Since Brexit I can no longer obtain it, or if I did, it would no longer be best value, so no more Swaen at present. I mostly buy best value because there have been times when buying what was believed to be the best, was not.
 
If you want to make a specific beer that uses a particular and well respected ale, then this malt won't replicate that beer as perhaps using that particular brand would. It does have more protein and moisture content than better barleys have, but what I bought was perfectly good for me and better value than others at that time.
Since Brexit I can no longer obtain it, or if I did, it would no longer be best value, so no more Swaen at present. I mostly buy best value because there have been times when buying what was believed to be the best, was not.
Got you. Makes sense. Thanks again.
 
Thanks for the reply! Good to know. Any more detail on what made it maybe not the best, in your opinion? I notice G_robertus alluded to same:

Just hoping to set my expectations. Cheers!🍻
It is definitely something to check out yourself and decide whether you like the flavours of this (or any, really) particular malt. I like pale ale malt with a complex and malty profile, like Paul's Malt or Munton's Maris Otter. This particular malt just lacked some complexity that I do find in the two I mentioned earlier. I would probably choose it over other malts such as as Fawcett MO because I find the flavour is around the same level, but a lot cheaper. The others I would pay extra for. Again, this is what I've experienced myself, it could be that you or anyone else completely disagrees and likes a different brand/line much better.

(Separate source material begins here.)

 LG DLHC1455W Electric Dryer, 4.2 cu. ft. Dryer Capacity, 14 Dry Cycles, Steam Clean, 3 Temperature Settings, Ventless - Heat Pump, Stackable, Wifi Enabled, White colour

Late edit: I forgot to mention it, but I feel like it's important to note that I mostly alternate between English (dark) styles and IPAs. I like malt character in both, albeit sometimes less in IPA (and I will cut or change base malts for that) so MO is my natural go to. I do get other base malts if I branch out a bit. I would use Swaen Ale malt in Belgian styles for example.